What should I do if the payment is successful again after paying but it shows that the payment has not been made? What is the backend code logic? 【Hangzhou multi-tester_Wang sir】【Hangzhou multi-tester】...

What is a dropped order?
The so-called lost order means that the user places an order and pays, completes the payment in the wallet, and then returns to the e-commerce app to see that the order is still unpaid... There is no doubt that the user will explode, and the result is either a complaint or a negative review
.
The user feels that he has been cheated,
so how did the order drop come from? Let's take a look at the complete process of order payment:

The complete process of wallet payment
The user clicks the payment from the e-commerce application, and the client initiates a payment request to the server. The payment
service will initiate payment to the third-party payment channel, and the payment channel will respond to the corresponding url. Taking
APP as an example, the client usually will Pull up the corresponding wallet, and the user jumps to the corresponding wallet. The
user completes the payment in the wallet.
After the user completes the payment, the user jumps back to the corresponding e-commerce APP
client to poll the order service to obtain the order status.
The payment channel calls back the payment service and notifies the payment result
The payment service notifies the order service to update the order status.
For payment orders, it can be roughly divided into the following states:

Payment status
Unpaid: After the user clicks to pay, but before the payment service requests the payment channel, the user is in an unpaid status.
Payment: After the user initiates the payment, jumps to the payment wallet, and then completes the payment. In this state, it can be said to be a foggy state. The e-commerce system is not sure about the user's payment
success/failure/cancel/close: the e-commerce system finally determines the user's payment in the third-party wallet The final result
seems to be no problem.

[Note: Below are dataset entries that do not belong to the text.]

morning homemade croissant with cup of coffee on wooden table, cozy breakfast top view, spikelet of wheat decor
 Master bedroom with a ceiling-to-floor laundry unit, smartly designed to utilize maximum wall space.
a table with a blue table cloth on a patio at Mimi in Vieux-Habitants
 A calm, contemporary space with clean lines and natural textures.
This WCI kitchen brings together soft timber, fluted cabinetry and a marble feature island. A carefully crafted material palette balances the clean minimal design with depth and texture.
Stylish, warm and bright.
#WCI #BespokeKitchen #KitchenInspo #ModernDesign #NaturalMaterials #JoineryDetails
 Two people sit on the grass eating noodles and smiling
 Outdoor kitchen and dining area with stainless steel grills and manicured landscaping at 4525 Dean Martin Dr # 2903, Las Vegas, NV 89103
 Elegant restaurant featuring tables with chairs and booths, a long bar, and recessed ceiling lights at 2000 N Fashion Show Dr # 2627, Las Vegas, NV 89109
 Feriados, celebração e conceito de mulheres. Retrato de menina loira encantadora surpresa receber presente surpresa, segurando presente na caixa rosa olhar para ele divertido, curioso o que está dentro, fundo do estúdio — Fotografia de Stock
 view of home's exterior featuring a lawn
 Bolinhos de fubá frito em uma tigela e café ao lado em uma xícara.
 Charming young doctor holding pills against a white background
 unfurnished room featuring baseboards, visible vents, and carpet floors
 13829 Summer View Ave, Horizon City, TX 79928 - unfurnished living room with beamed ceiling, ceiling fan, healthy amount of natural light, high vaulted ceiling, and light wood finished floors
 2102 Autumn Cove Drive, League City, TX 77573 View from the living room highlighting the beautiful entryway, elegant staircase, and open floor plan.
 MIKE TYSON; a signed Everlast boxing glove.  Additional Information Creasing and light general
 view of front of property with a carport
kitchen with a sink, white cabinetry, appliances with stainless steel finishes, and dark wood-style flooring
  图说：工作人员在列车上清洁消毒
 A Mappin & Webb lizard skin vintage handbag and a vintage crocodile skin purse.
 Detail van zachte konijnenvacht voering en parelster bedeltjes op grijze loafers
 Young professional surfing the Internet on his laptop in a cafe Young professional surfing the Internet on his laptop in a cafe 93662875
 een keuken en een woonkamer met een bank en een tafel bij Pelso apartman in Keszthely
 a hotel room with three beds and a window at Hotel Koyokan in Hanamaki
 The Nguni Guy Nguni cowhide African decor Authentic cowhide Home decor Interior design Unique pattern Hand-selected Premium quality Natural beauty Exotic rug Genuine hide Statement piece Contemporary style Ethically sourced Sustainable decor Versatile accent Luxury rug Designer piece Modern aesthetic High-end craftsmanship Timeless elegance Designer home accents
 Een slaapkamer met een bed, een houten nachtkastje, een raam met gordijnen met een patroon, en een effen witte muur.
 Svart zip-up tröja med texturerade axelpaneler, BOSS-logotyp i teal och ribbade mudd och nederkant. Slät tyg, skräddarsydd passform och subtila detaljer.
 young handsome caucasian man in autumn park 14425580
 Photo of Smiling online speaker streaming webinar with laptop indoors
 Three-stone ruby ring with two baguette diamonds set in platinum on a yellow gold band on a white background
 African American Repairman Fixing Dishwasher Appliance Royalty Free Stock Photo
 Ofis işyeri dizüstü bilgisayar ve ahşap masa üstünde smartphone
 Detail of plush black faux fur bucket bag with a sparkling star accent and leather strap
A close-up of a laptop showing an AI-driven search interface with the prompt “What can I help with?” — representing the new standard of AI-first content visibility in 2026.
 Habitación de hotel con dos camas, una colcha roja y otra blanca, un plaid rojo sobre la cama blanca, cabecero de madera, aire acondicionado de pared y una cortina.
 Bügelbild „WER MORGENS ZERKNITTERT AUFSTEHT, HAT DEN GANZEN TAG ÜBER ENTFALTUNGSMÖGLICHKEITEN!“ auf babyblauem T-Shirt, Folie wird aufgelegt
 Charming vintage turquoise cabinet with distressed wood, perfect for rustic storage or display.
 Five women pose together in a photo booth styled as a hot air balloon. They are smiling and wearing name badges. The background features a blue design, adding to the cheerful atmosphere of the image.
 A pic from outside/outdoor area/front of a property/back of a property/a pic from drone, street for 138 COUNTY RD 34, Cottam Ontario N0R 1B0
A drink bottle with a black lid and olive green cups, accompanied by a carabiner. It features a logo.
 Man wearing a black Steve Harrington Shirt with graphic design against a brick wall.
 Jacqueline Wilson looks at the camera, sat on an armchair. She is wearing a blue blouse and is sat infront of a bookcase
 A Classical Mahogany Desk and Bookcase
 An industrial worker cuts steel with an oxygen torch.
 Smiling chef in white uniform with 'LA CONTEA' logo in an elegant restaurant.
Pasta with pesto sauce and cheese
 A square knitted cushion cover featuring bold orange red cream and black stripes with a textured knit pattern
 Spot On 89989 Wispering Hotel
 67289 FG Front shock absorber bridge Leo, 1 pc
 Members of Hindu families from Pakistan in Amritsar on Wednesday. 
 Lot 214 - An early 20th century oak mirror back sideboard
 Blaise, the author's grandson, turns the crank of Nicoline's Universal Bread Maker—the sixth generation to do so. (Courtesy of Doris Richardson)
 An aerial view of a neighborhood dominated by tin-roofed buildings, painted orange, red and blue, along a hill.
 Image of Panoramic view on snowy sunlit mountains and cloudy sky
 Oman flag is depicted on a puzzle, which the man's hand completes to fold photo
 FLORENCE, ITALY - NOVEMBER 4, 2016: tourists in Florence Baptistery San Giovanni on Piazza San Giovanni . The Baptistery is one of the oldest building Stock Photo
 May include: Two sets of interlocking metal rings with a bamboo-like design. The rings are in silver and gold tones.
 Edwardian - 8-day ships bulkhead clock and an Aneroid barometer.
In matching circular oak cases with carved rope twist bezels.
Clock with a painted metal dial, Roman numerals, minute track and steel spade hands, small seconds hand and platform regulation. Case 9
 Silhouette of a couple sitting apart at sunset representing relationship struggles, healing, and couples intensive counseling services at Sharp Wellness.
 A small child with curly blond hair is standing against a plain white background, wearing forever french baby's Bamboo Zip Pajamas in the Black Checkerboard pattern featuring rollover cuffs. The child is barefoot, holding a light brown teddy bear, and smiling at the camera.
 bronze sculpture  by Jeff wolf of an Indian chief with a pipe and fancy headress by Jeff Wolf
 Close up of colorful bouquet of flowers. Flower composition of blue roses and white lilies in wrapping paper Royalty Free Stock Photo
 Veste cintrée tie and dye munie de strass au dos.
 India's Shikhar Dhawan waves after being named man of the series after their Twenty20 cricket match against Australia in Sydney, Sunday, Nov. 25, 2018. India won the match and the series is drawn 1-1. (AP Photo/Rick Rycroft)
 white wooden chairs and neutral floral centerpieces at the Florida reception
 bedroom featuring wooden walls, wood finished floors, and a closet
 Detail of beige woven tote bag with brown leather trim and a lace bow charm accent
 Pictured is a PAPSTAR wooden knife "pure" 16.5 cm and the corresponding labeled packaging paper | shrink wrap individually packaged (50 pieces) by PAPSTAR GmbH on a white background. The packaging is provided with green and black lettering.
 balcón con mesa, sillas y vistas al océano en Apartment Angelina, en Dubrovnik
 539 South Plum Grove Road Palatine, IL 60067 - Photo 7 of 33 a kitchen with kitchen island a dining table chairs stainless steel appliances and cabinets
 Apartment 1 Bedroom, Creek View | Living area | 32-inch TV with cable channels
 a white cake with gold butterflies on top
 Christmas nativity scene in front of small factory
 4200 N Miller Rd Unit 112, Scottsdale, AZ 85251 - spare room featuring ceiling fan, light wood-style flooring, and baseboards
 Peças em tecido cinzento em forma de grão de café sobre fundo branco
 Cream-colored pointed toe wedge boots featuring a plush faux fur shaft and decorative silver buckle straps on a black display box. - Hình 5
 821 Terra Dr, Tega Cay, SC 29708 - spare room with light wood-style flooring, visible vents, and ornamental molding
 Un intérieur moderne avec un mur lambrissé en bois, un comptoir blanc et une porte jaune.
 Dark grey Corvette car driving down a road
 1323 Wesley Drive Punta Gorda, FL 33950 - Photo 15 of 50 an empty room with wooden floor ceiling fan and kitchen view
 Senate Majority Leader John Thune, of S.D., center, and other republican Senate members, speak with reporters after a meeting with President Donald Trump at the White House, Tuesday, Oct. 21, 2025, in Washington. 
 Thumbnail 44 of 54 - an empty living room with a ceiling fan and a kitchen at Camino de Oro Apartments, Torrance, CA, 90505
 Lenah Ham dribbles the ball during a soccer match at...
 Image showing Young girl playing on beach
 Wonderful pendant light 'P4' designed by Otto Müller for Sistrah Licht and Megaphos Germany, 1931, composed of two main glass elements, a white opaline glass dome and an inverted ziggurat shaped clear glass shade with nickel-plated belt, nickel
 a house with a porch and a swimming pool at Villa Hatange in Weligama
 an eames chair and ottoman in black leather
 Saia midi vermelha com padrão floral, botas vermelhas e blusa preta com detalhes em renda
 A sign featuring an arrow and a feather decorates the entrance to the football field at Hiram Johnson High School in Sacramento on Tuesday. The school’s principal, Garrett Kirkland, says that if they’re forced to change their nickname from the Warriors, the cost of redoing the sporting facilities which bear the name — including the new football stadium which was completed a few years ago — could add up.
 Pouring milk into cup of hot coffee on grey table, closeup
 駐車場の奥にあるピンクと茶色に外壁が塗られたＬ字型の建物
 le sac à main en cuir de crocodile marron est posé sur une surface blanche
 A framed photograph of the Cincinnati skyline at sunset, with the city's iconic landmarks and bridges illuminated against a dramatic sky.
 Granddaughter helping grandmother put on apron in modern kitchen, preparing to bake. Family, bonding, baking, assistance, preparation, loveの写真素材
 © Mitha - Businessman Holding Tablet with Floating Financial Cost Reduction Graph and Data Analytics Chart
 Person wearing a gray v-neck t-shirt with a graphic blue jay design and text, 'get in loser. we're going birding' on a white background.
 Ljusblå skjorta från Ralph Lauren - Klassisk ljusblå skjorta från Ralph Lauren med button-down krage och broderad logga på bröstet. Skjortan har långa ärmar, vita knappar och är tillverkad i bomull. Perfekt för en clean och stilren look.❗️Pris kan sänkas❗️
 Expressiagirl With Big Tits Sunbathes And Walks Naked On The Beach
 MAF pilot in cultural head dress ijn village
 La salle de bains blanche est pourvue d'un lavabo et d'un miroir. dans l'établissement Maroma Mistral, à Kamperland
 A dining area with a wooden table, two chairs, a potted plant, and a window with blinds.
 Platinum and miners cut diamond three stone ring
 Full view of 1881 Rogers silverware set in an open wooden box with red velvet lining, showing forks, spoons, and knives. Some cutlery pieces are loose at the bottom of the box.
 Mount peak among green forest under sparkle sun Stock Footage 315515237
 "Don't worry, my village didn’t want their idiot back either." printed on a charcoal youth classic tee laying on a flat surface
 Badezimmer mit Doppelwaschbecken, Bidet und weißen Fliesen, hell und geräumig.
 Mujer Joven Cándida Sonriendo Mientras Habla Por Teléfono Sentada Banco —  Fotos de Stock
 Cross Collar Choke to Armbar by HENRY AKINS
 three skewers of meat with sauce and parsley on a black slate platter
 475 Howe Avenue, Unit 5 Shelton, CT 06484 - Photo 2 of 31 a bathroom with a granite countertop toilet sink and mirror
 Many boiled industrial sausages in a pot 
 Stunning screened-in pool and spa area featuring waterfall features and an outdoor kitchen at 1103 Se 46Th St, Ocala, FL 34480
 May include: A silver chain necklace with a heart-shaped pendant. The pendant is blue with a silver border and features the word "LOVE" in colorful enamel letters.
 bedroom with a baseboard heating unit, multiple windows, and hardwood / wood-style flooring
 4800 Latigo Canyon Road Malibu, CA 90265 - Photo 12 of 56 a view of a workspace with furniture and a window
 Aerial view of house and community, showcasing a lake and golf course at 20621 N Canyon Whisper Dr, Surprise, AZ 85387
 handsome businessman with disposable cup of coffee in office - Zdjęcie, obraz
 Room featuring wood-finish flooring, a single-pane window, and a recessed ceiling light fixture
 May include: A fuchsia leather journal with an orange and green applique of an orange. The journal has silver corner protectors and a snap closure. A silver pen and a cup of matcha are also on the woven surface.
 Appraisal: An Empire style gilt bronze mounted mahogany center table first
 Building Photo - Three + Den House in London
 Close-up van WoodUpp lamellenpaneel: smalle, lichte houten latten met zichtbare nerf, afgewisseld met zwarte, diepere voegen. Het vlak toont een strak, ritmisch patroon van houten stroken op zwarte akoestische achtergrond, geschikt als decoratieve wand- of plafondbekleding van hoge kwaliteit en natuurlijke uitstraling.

Why did you drop the order? Simply put, the status of the payment is not synchronized, or not synchronized in time.

Order drop occurred
1.
Some exceptions occurred in the payment callback of the payment channel, which caused the payment service to not receive the callback notification from the payment
channel . Obtaining the order status The client usually polls to obtain the status. It may not obtain the order status within the polling time. As a result, the user sees that the order is not paid. 1 can be called an external order, and 2 and 3 can be called an internal order. one. Next, let's see how to prevent the problem of dropping orders. How to prevent internal order loss Let’s start with the order loss within the system. Of course, within the system, stability is easier to ensure, and the probability of order loss is relatively small. The server side prevents dropped orders. The key to prevent dropped orders between the payment service and the order service is to ensure that the payment result of the payment notification order is successful as much as possible. We generally use these two methods.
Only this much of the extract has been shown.